Kelsey Mitchell pedals toward an Olympic dream

As an athlete, Kelsey Mitchell (Instrumentation Engineering Technology ’16, Personal Fitness Trainer ’17) has broken nine bones – not including fingers and toes, which she doesn’t count.

“I’m fragile,” says Mitchell.

She doesn’t let it get to her. In the third game of her final year of NAIT Ooks soccer in 2015, Mitchell picked herself up after a tackle and felt bone rubbing on bone below her neck. Suspecting a snapped collarbone, she left the field only at the request of her coach, Carole Holt, suffering more from a broken heart than the injury that would sideline her until the provincial championships that fall.

Today, she looks back on that fracture – and the healing that followed – as a revelation.

“Why wasn’t I working as hard as I possibly could when I was healthy to be the best that I could be as an athlete?” she says.

That thought still motivates Mitchell but she doesn’t dwell on it much while training at Edmonton’s Argyll Velodrome, where she’s pedalling toward a dream to compete in the Olympics. After realizing that at 24 she’s likely too old to get there in soccer cleats, she’s dedicating herself to cycling, a sport that ranks among the most gruelling.

Looking at how Mitchell performed in the 2015 provincial soccer finals, Holt has no doubts about her chances of success.

“She was a beast,” says Holt, who led her team that year to a national silver medal. “She has an incredible pain threshold. The fact that she’s translating her athletic abilities into a sport like short track cycling – I can just imaging the pain those athletes go through in competition. She’ll cope really well with that.”


From soccer to cycling

Before she started training in November 2017, the last time Mitchell rode a bike was when she was around 10 years old. In fact, competitive cycling wasn’t her idea – and how she arrived at it was more circuitous than any velodrome.

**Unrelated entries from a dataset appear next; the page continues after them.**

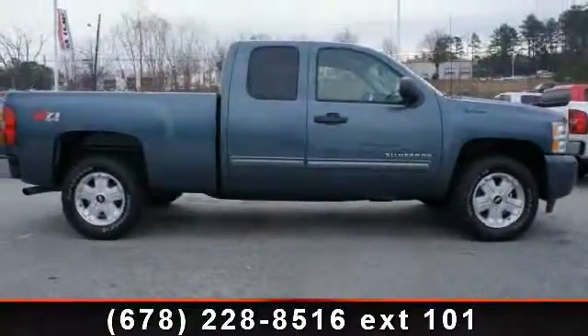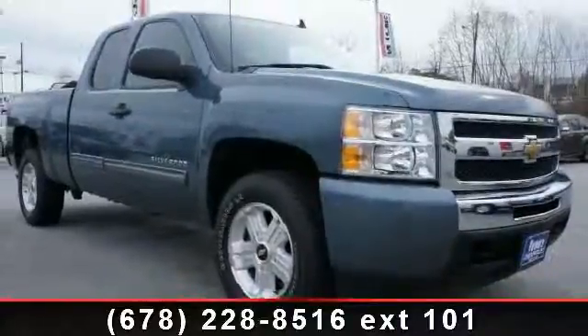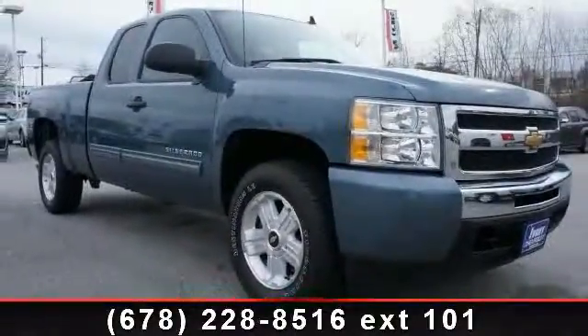If you are looking for a solid pre-owned truck, this might be the one. Let us put you in the driver's seat today. Call or click to contact our dealership.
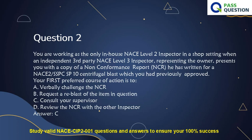Your first preferred course of action is to: A. Verbally challenge the NCR. B. Request a re-blast of the item in question. C. Consult your supervisor. D. Review the NCR with the other inspector. Answer: C.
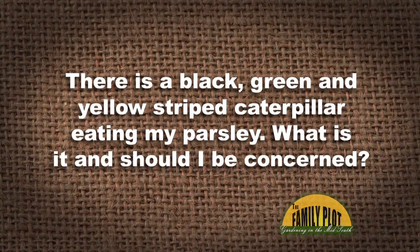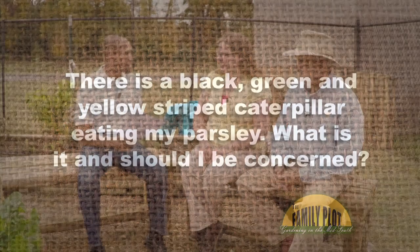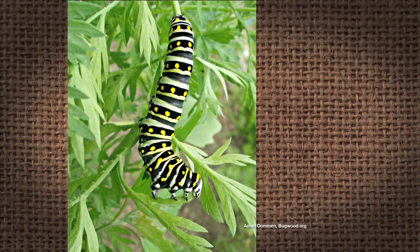There's a black, green, and yellow striped caterpillar eating my parsley. What is it and should I be concerned? You already got a smile on your face. Yes, because that's happened at my house before. Those little suckers can eat a whole parsley plant really fast. Those are the caterpillars for the black swallowtail butterfly.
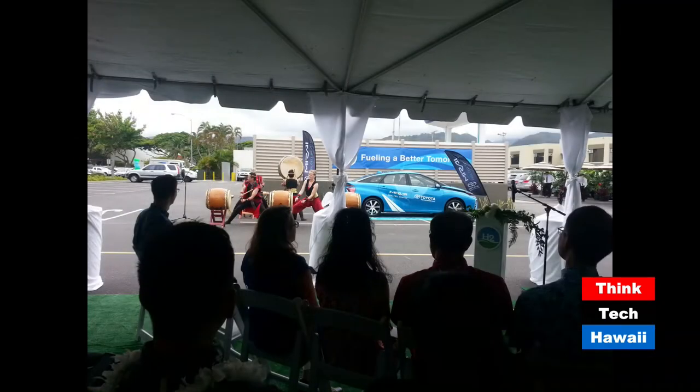Before we get into that, I want to make up for some lacking I had last week when Servco Hawaii opened up their very first hydrogen station available to the public to refuel vehicles here in Hawaii using hydrogen. They had a great ceremony out in Mapunapuna, which is right below Tripler Army Medical Center and between the airport and downtown Honolulu. They had Taiko drums.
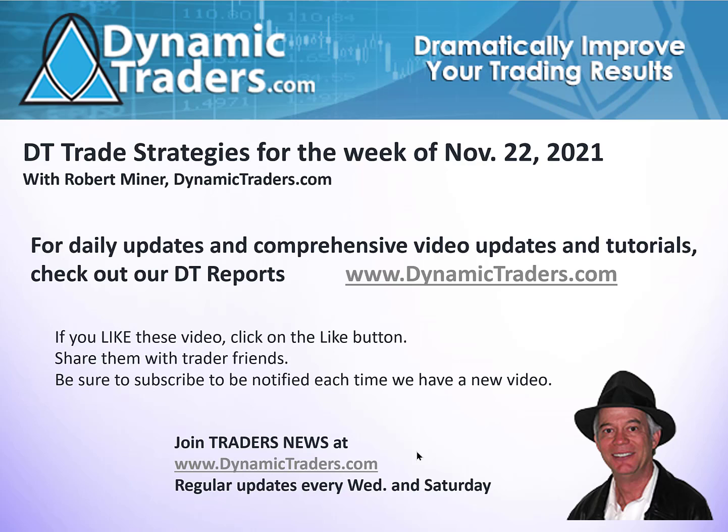Hello, it's Robert Miner with Dynamic Traders Group with our DT Trade Strategies for the week of November 22nd. This is where we do a reasonably short video with just one or two markets that have a potential trade setup in the upcoming week. We do these for YouTube followers, Twitter followers, and Traders News members so they can get a little taste of what we do for our regular subscribers, which is a much more comprehensive video covering all the major financial markets, some of the cryptos and a couple of others.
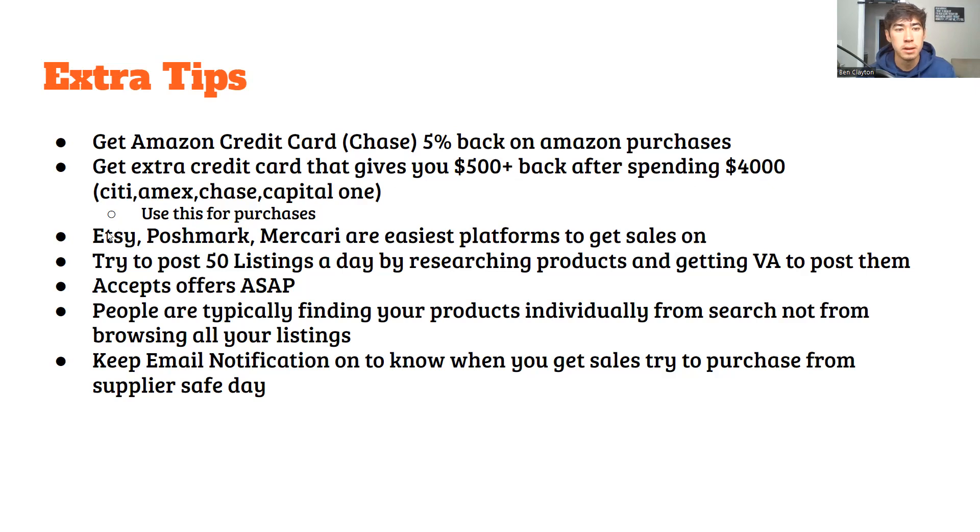Etsy, Poshmark, and Mercari are the easiest platforms to get sales on — Etsy especially, it's way too easy to get sales there, but the catch is you can get banned pretty easily so be careful. Try to post 50 listings a day by researching products and then getting a VA to post them — this is the most efficient way. I'd get 50 Amazon product links, make the title, set the price formula, and give it to the VA to post.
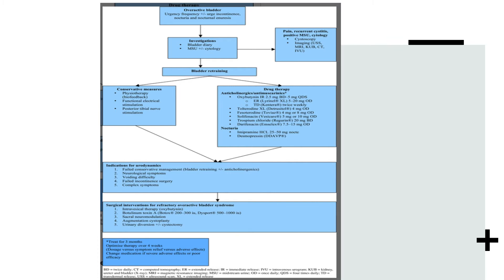If the patient does not have any worrying symptoms, you would advise bladder retraining and conservative measures like physiotherapy, functional electrical stimulation, or posterior tibial nerve stimulation. Alternatively, you go down the drug therapy route — anticholinergic treatment such as oxybutynin, tolterodine, solifenacin, and others. If a patient has nocturia, the recommended drugs are either imipramine or desmopressin.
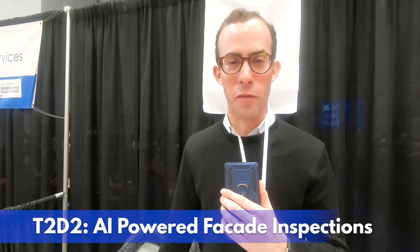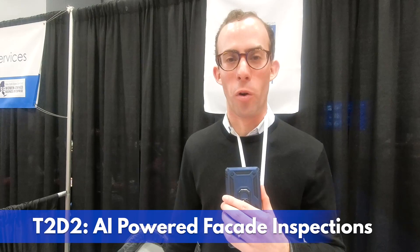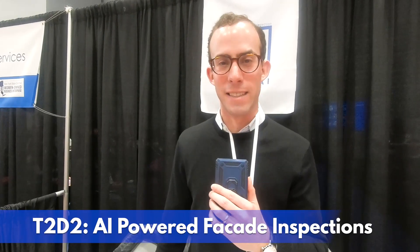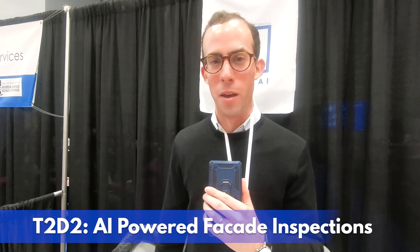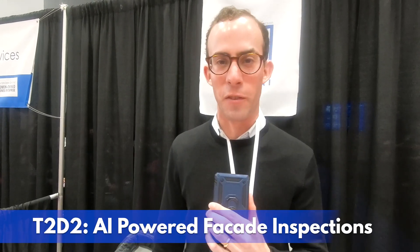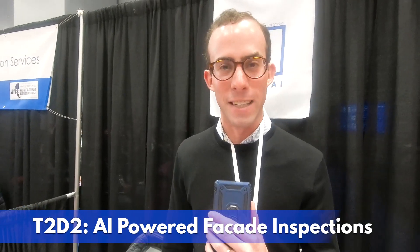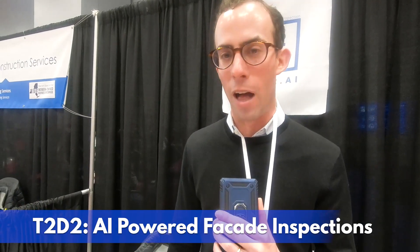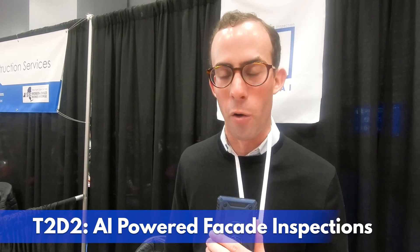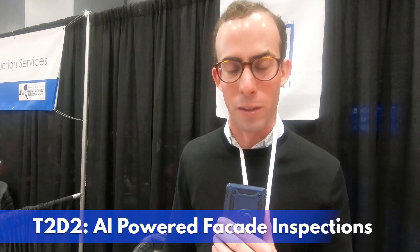My name is Jonathan Ehrlich. I'm the Chief Operating Officer of T2D2. We're an artificial intelligence software company that uses AI to detect damage in facade inspections. We use all different types of technologies, including drones, to conduct facade inspections, and we process it through our proprietary algorithms to detect over a hundred different types of damage on over ten different types of building materials.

In April 2017, after four months of travelling in Thailand, Mitchell planned to return to Alberta to take part in RBC Training Ground, a talent identification and funding program she’d found online.

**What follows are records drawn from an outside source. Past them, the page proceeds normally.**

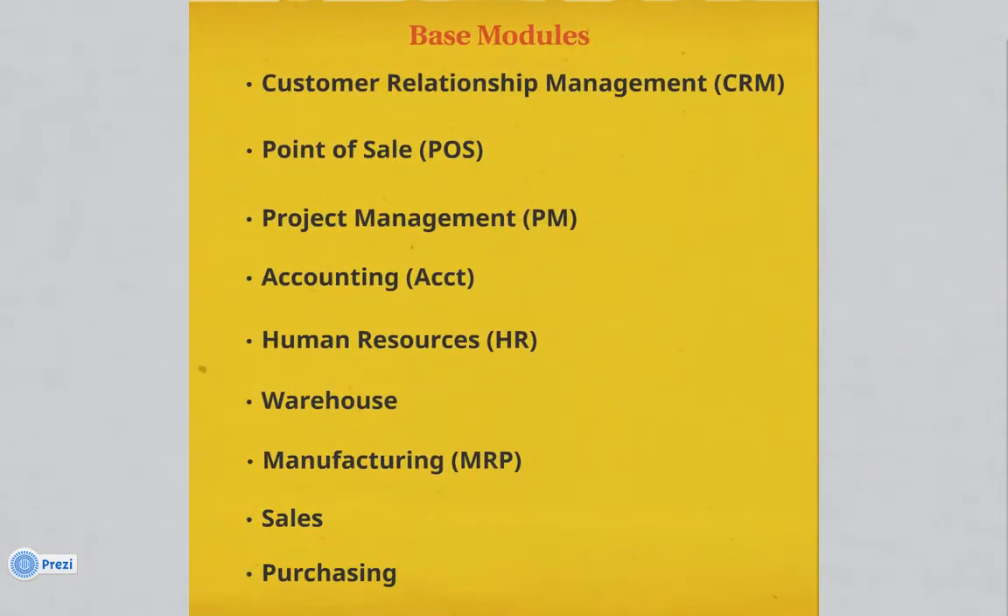Some base modules include the customer relationship management module, point of sale module, project management, accounting, human resources, warehousing, manufacturing — also referred to as manufacturing resource planning — sales, and purchasing.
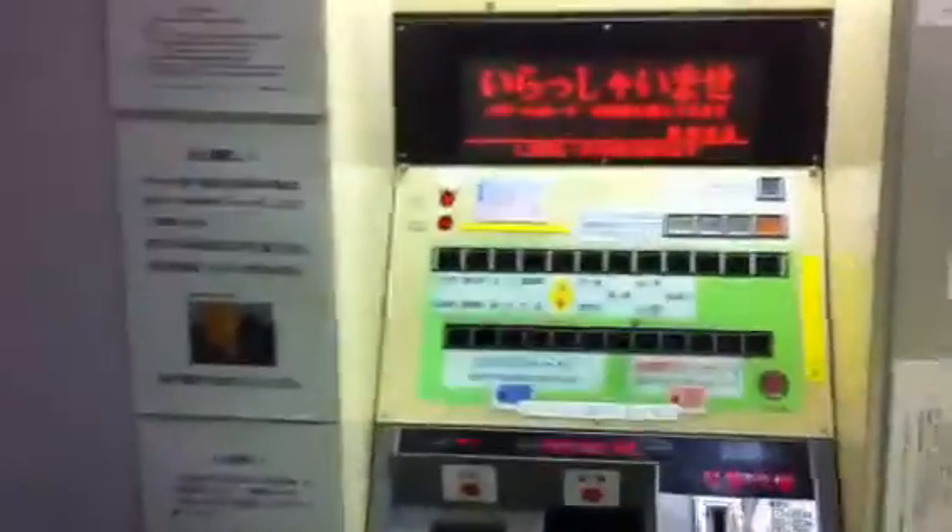We are at Kenri Bijutsu Kanmai Eki — that's a mouthful to basically say the train station in front of the art museum. And here are the two ticket machines: the old style and the new style.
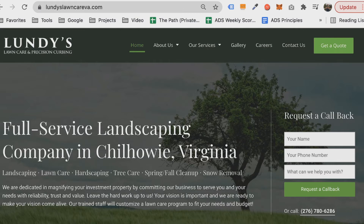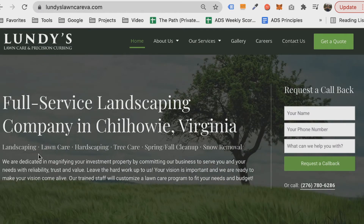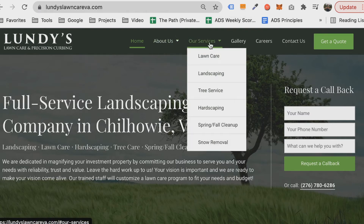Notice — you'll remember from the headings video — we talk about what they do and where they do it. Super important, because when people land on your site, they want to confirm that you do the right thing in the right place. If we scroll down a little bit, you'll see this subheading: landscaping, lawn care, hardscaping, tree care, spring and fall cleanup, snow removal. These are the main service categories for the site, and we list all of these categories right here at the top of the page. There's also a separate page for each one of these.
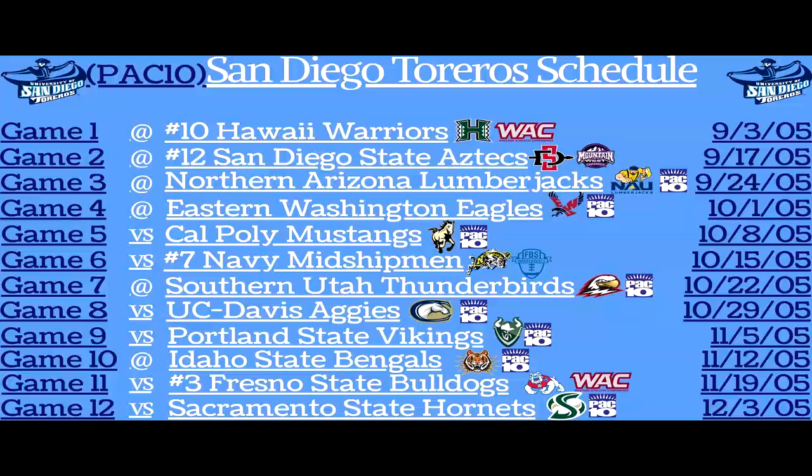For the first game of the season, the Torreros head to week two as they travel to Hawaii to take on the 10th-ranked Warriors. I'll see you guys later today at around 6 o'clock with the Savannah State Tigers. Take it easy guys.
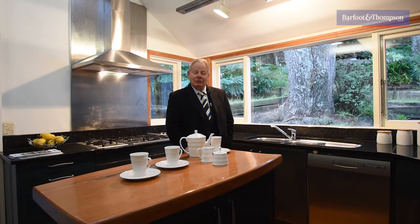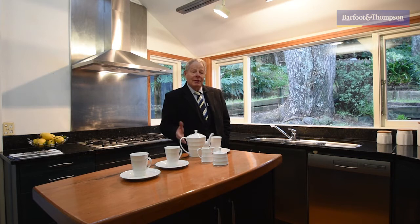Plenty of options. You're most welcome to come and have a look on the weekends — Saturday, Sunday, 2 to 2.30 — or by private appointment as you wish. Give me a call, let me know, love to hear from you.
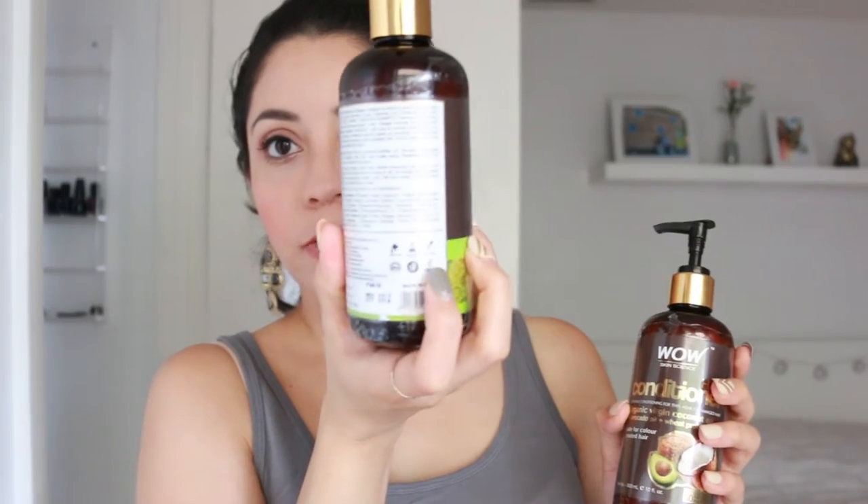The conditioner has coconut oil and avocado oil — two really great ingredients for your hair. Apart from that, it doesn't contain harsh ingredients like parabens or sulfates, which caught my attention. It also has the vegan logo right on the back.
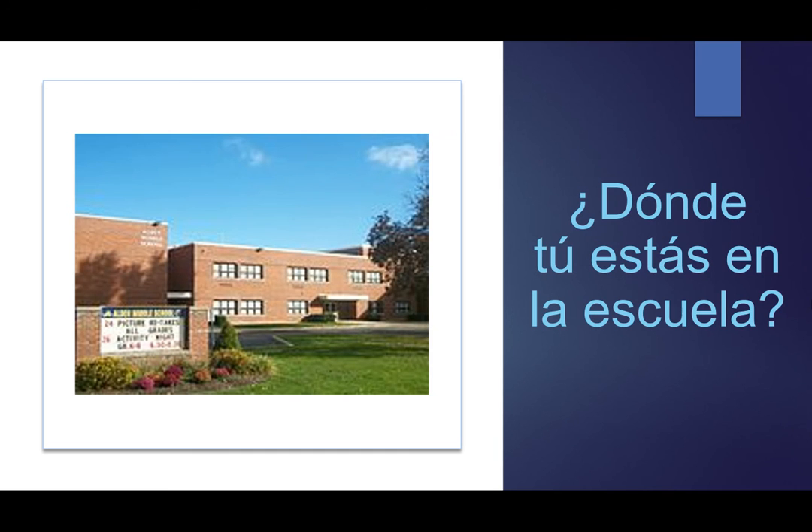¿Dónde tú estás en la escuela? Yo estoy en la clase de español. Gracias. I hope the little bit of practice with estar helped you to solidify your understanding.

“I just wasn’t ready to be done with competitive sports,” she says.

“I just wasn’t ready to be done with competitive sports.”

An illness while abroad, however, bumped her return date back a week and she missed the event. Determined to try out, she booked a trip to Ontario where the program was holding further trials. There, her performance on a stationary bike impressed Cycling Canada representatives.

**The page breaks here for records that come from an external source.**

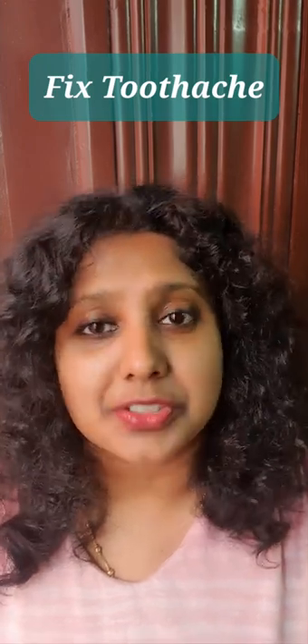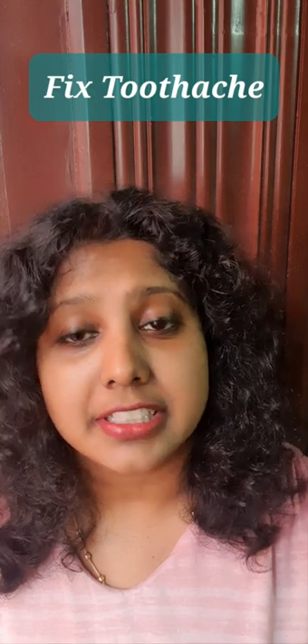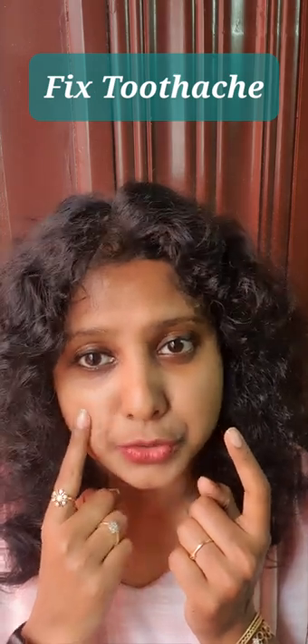Are you suffering from toothache? Then try this. Try massaging the three acupressure points that are on your face. The first point is below your cheekbone, so massage the side where you have your toothache.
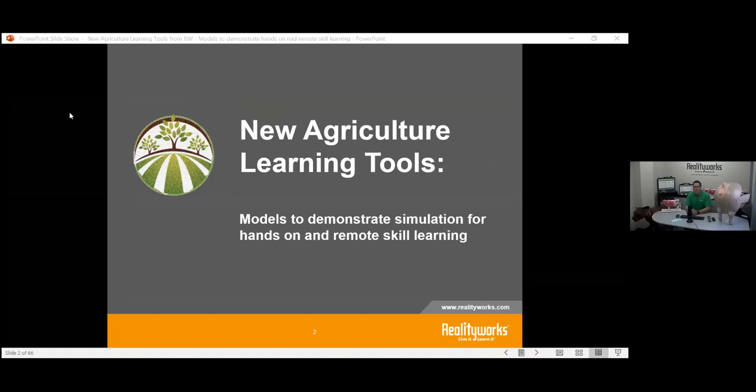It is one o'clock central, so we will get started. Welcome everyone and thank you for tuning in to today's webinar: New Agriculture Learning Tools — Models to Demonstrate Simulation for Hands-On and Remote Skill Learning. My name is Emily Klinski, I'm on the marketing team here at Reality Works, and I will be behind the scenes assisting our presenter today.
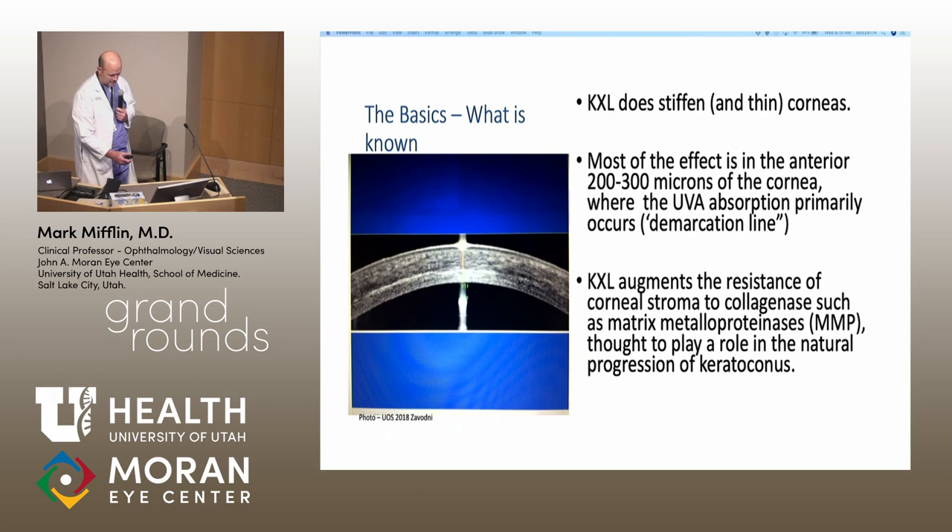Various methods have been studied to get riboflavin to penetrate while leaving the epithelium on — including somewhat toxic drops, hypotonic solutions to break down cell membranes, and even applying electrical current. Another approach to improve efficiency is using brighter light for shorter time while delivering the same total energy.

“I honestly didn’t know that much about this sport,” says Mitchell. She didn’t know how the races worked, the mechanics of the bike, or even how much it would hurt in the beginning. “At first, sitting on the bike for an extended period of time was quite difficult, quite uncomfortable. It’s getting better.”

Regardless of her newbie status, Cycling Canada got in touch with former Olympic cyclist and current coach Alex Ongaro, who works out of the Argyll Velodrome, to tell him about the potential “transfer” athlete.

“Once I saw her, right away I knew her potential,” he says.

kelsey mitchell, nait grad, former ooks soccer player, edmonton, cyclist

The road to Tokyo (or Paris)

Under Ongaro’s guidance – and with the help of funding from several sports agencies and loans of pricey equipment from the local Juventus cycling club – Mitchell keeps a rigorous training schedule.

She’s on the bike six days a week, often staring out at little more than white fields of snow from the velodrome training room, and other times at home while watching Netflix (she gives Punisher rave reviews). She does weights three times a week, focusing mostly on legs and back, at Firstline Training, where she also works part time as a trainer.

And she lives to beat the records she set the day before. “I love it – pushing my body to its max,” says Mitchell. “It’s the competitiveness.”

That attitude is the biggest reason that Ongaro is predicting a podium finish for Mitchell this fall at the national finals in Milton, ON – a key stepping stone to her Olympic goals. He’s seen the same work ethic in top athletes he’s coached in the past.

“She is very much ‘get to business, get it done,’” says Ongaro. “And happy all the time about doing it. It’s fun having someone who’s enjoying it. She’s constantly improving.”

Making it to the Olympics won’t be easy, of course. But, in addition to natural athleticism, Mitchell has the very nature of cycling on her side, says Ongaro. Riding requires technique, but fast learners like his current student can pick it up quickly. In his mind, while Tokyo in 2020 is possible, “Her chance for the following Olympics [Paris, 2024] is very, very good.”

Until then, Mitchell plans to make the most of her time, good health and lack of broken bones. Though she’s had offers and interviews, she’s putting a conventional career on hold. “Growing up, I wanted to do everything,” she says. She’s more focused now; she knows exactly what she wants. And now she knows how she can get there.

She’s more focused now; she knows exactly what she wants.

“I think if I would have taken a job out of school I would have questioned whether I could have made it,” says Mitchell. “Regardless of what happens, I know I won’t regret it in the end. I’ll know I gave it my best shot.”